So, what can we do? Wash your hands. Cough and sneeze into your elbow. Stay home if you have symptoms. Cancel travel plans and avoid crowds and large gatherings.

I’ve noticed that a point of confusion sometimes arises here. If COVID-19 is already a pandemic, if its spread can’t be stopped, then what’s the point? Aren’t we all going to get infected anyway? Might as well get it over with, right? Especially if you’re young and not in a high-risk category, you might not see the point. In my Twitter feed, the point has been hammered repeatedly: flatten the curve. This figure by Esther Kim and Carl Bergstrom illustrates the meaning.


The left curve is the spread of the disease without interventions. People don’t wash their hands and don’t avoid travel and large gatherings. The disease spreads quickly. So many people are infected at once that hospitals and other healthcare systems are completely overwhelmed. This escalates infection and leads to more deaths among the infected, as well as among those who need care for unrelated illnesses and medical conditions. The right curve is the spread of the disease with interventions. A similar number of people still get infected, but the spread is sufficiently slowed that the number of people infected at a given time is much smaller, hopefully within the capacity of our healthcare systems. Flattening the curve has two major benefits. First, hospitals and other providers are able to handle the number of infected individuals at any given time. And second, there is more time for additional treatments to be developed and tested. Both of these things save lives. We need to flatten the curve.

I think that most people understand the benefits of behaviors like washing your hands and covering your mouth when you sneeze. After all, these are behaviors that help prevent you from getting sick or infecting others. But from talking to some people, it’s not always clear to everyone exactly how collective behaviors like avoiding crowds or canceling travel translates to slowing the spread of disease at the population level. In fact, these things are critically important. I wrote up this post in an attempt to illustrate why.

I teach a class at UC Merced called “Modeling Social Behavior.” And because of that class, I had at the ready a simple model of disease spread. It belongs to a family of models called “SIR models,” where the letters stand for Susceptible (meaning that you are uninfected but susceptible to the disease), Infected (meaning that you are both infected and contagious), and Recovered (meaning that you have either recovered from the illness and are neither susceptible nor contagious, or that you have otherwise been removed from the population). In this model, people (sometimes called “agents”) are situated in and move around on an abstract two-dimensional space. Anytime a susceptible individual is sufficiently close to an infected individual, they become infected with some probability (the transmission rate). An infected individual then recovers with a probability dictated by the disease’s recovery rate. The population looks like this. There are 500 agents. The white ones are susceptible, the red ones are infected, and the grey ones are recovered.
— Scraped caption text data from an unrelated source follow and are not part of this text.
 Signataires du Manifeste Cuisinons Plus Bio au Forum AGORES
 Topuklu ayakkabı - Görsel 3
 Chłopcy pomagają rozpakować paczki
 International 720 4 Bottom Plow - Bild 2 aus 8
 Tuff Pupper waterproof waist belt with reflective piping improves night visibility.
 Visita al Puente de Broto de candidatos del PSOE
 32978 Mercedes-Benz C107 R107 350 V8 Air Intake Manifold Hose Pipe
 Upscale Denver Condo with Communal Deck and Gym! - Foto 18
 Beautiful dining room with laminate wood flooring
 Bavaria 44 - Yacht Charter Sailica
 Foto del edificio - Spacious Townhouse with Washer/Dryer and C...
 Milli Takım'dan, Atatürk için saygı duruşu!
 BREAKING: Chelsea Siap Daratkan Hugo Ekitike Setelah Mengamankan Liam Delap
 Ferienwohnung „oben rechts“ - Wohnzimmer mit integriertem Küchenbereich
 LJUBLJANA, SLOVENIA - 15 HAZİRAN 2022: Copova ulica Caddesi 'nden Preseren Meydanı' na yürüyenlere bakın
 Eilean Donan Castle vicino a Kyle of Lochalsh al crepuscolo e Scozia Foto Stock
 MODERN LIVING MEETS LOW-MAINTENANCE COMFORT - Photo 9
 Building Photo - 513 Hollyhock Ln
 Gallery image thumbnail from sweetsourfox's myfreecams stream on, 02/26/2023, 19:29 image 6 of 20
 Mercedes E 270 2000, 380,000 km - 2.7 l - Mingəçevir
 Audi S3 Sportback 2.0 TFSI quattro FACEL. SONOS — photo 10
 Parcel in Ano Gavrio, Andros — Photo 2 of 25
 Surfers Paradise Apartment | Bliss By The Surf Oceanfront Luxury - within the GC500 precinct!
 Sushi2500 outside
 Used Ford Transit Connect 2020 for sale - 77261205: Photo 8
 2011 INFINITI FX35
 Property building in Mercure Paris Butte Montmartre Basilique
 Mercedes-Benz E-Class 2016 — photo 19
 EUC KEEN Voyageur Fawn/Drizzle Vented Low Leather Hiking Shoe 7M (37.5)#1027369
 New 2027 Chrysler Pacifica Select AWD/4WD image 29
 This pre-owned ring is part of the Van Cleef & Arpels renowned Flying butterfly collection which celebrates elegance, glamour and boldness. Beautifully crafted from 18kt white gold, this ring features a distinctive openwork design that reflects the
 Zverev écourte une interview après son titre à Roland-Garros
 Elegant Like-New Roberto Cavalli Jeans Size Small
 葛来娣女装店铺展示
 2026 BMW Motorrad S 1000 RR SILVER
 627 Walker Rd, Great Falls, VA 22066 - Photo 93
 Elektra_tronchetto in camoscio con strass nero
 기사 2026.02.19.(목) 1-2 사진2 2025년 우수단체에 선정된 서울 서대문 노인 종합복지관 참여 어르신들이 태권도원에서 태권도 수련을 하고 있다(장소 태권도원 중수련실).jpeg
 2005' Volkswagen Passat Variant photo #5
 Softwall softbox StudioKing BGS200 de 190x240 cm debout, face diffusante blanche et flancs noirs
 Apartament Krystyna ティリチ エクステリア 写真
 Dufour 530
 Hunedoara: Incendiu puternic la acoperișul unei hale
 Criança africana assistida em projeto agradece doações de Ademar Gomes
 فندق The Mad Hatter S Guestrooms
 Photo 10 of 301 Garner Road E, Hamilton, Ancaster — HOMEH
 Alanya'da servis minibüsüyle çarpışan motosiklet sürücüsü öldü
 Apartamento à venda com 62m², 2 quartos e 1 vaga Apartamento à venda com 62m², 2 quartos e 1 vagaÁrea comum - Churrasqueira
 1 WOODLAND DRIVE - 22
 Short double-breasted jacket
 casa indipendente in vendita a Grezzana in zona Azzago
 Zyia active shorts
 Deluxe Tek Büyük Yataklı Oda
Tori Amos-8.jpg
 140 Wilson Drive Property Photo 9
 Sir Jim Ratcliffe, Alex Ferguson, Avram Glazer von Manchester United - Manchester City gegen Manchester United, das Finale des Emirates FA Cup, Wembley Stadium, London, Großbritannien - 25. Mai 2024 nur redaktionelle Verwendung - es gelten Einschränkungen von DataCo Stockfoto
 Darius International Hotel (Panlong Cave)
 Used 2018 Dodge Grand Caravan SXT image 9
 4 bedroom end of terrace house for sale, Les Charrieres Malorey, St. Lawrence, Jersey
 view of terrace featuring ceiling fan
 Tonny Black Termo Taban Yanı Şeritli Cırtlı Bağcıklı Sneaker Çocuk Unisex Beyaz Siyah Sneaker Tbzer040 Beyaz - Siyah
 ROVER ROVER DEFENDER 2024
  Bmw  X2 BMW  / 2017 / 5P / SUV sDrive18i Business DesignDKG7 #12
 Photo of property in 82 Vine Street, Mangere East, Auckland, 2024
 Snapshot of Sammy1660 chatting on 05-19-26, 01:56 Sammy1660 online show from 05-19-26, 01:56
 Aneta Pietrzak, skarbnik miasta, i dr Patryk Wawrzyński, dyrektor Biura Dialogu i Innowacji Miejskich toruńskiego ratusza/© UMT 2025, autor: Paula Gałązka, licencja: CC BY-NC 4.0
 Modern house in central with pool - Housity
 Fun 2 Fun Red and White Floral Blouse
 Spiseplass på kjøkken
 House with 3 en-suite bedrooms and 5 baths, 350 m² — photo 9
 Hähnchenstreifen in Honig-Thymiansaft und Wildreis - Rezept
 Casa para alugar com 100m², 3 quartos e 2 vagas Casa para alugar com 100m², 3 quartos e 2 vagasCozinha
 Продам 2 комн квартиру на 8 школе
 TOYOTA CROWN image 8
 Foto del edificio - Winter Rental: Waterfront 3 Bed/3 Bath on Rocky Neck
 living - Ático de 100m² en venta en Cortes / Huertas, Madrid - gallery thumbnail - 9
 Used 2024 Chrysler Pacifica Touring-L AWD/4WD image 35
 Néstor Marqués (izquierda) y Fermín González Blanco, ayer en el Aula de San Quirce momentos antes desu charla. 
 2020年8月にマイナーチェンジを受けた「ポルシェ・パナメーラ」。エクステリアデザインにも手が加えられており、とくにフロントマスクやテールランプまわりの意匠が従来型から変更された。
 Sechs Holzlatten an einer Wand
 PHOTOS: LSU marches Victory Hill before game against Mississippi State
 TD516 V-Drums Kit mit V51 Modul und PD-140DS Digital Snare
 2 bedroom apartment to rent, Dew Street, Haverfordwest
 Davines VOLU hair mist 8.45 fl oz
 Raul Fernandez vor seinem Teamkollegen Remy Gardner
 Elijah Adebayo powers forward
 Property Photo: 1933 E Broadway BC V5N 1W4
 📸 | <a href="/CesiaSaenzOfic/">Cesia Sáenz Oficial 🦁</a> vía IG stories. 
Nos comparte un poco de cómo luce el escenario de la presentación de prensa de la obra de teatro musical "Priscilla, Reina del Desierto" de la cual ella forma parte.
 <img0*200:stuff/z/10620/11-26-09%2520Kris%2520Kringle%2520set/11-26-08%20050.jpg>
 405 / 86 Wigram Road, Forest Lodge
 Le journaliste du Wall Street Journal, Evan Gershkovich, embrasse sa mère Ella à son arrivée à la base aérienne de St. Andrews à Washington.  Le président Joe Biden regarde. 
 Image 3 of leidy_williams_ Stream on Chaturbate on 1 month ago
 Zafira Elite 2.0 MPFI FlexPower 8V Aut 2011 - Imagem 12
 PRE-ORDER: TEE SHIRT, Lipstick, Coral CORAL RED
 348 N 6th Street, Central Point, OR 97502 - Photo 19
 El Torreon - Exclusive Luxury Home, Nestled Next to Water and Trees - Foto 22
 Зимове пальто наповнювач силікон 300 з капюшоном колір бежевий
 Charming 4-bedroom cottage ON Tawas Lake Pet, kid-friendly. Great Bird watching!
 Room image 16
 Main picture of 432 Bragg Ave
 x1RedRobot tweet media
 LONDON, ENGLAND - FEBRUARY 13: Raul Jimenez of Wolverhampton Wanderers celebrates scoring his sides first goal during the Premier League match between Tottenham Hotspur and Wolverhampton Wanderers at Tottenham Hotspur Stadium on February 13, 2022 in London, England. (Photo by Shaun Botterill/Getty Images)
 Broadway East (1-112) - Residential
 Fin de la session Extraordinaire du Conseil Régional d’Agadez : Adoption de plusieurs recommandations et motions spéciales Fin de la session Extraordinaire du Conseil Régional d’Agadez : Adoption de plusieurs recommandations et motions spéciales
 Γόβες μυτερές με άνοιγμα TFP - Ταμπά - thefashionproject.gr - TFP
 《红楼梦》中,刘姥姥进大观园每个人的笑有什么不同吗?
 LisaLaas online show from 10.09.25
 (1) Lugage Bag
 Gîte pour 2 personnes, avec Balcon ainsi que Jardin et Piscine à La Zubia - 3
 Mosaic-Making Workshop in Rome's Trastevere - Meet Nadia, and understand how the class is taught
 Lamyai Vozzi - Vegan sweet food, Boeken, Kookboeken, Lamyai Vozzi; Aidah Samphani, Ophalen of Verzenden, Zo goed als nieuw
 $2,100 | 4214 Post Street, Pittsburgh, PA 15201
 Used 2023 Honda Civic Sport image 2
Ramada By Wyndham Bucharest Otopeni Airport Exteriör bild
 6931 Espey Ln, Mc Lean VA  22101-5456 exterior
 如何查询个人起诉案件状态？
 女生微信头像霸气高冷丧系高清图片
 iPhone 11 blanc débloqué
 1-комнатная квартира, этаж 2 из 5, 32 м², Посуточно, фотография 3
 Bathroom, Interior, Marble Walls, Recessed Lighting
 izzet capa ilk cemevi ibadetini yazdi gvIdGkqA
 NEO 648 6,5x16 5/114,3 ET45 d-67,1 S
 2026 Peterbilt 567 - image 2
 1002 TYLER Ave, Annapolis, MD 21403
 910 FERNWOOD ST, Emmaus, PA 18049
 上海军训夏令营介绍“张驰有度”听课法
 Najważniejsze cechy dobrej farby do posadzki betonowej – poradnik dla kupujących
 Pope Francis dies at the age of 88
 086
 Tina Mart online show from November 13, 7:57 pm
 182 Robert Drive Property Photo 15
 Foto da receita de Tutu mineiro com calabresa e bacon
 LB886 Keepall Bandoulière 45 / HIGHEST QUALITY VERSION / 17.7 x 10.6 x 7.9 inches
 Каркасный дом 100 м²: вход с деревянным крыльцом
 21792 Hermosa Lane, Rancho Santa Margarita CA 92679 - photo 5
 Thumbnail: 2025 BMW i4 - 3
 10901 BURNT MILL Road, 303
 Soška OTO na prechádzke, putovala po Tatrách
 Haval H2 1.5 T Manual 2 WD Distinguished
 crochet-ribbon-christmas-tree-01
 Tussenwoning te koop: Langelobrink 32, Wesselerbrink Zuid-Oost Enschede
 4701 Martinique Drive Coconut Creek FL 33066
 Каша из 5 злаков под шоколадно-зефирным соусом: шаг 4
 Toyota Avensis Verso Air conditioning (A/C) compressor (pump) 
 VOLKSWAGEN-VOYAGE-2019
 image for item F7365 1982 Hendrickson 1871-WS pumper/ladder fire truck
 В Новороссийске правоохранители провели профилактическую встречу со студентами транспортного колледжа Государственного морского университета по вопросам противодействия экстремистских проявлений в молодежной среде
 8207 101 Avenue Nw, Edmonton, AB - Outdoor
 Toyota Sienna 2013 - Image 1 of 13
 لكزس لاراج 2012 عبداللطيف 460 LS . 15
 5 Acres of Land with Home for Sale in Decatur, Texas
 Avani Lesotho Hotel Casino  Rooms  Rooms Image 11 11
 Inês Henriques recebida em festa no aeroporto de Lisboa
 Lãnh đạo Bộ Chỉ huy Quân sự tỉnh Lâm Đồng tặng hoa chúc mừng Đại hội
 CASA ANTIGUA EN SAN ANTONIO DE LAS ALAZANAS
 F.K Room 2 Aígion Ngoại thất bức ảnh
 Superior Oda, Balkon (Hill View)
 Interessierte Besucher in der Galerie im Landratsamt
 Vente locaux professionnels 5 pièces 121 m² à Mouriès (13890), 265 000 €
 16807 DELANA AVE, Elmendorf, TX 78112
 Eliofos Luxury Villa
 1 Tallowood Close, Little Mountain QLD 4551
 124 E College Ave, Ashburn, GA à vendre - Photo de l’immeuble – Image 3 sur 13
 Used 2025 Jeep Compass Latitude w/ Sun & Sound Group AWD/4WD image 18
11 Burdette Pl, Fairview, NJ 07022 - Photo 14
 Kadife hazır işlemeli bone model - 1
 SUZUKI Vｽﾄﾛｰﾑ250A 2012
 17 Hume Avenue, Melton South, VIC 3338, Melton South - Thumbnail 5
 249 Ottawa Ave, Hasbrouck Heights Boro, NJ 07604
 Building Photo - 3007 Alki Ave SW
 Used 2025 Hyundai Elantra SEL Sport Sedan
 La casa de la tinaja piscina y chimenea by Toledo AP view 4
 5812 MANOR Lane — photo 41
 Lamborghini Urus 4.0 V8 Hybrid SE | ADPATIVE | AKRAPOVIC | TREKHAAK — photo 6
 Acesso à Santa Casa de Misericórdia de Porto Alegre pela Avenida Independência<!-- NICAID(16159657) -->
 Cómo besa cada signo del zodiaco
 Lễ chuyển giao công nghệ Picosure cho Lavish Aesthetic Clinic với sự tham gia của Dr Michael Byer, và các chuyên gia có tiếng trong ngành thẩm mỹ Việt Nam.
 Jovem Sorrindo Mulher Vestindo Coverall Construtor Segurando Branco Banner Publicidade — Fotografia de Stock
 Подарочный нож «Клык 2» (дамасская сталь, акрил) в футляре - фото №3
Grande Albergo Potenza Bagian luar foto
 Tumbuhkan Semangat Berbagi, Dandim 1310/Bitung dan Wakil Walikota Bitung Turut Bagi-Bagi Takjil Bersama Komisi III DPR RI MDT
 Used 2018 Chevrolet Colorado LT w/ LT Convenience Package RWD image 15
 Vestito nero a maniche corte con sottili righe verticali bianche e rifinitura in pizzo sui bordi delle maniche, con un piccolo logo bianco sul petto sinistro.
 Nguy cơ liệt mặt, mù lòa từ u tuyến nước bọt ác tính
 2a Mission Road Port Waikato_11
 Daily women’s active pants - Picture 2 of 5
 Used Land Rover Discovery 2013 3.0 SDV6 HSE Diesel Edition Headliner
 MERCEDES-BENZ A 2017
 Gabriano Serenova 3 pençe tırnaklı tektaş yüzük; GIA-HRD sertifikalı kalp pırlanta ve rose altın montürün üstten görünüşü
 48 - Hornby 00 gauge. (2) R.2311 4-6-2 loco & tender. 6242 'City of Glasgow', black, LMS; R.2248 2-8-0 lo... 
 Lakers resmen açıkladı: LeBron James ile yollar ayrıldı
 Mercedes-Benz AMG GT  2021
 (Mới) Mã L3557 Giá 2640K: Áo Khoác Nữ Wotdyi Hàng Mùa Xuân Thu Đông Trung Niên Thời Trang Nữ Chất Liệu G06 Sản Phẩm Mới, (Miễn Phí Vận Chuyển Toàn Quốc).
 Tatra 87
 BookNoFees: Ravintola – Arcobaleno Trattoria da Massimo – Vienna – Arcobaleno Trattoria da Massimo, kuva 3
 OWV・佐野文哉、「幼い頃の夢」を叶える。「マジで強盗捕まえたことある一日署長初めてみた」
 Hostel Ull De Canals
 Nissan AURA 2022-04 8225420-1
The model is not specific to COVID-19, and ignores aspects like incubation periods. I purposefully did not try to calibrate the transmission or recover rates to COVID-19. You should think about this as a generic model of disease transmission. The model parameter I want to focus on is one related to the agents’ mobility. At each tick of the model’s clock, each agent chooses a random direction to face and takes a step, which allows the agents to mix with each other. In other words, agent movement is just a random walk through space. By controlling the size of the step agents take on each movement, we can control the extent to which they move through social space, and thus the extent of social mixing. Here’s an example with two agents, both of which started in the exact center of the space and took 100 steps, with a line drawn between each location at each tick of the clock. The green agent takes small steps (of size 0.5 units – the entire grid is 51 x 51 units square). The orange agent takes large steps (of size 3 units). As you can see, the orange agent has covered substantially more ground than the green agent in the same amount of time. A population of orange agents, who widely explore their social space, will encounter far more unique individuals in a given time than a comparable population of green agents, who move narrowly and tend to interact with the same individuals over and over.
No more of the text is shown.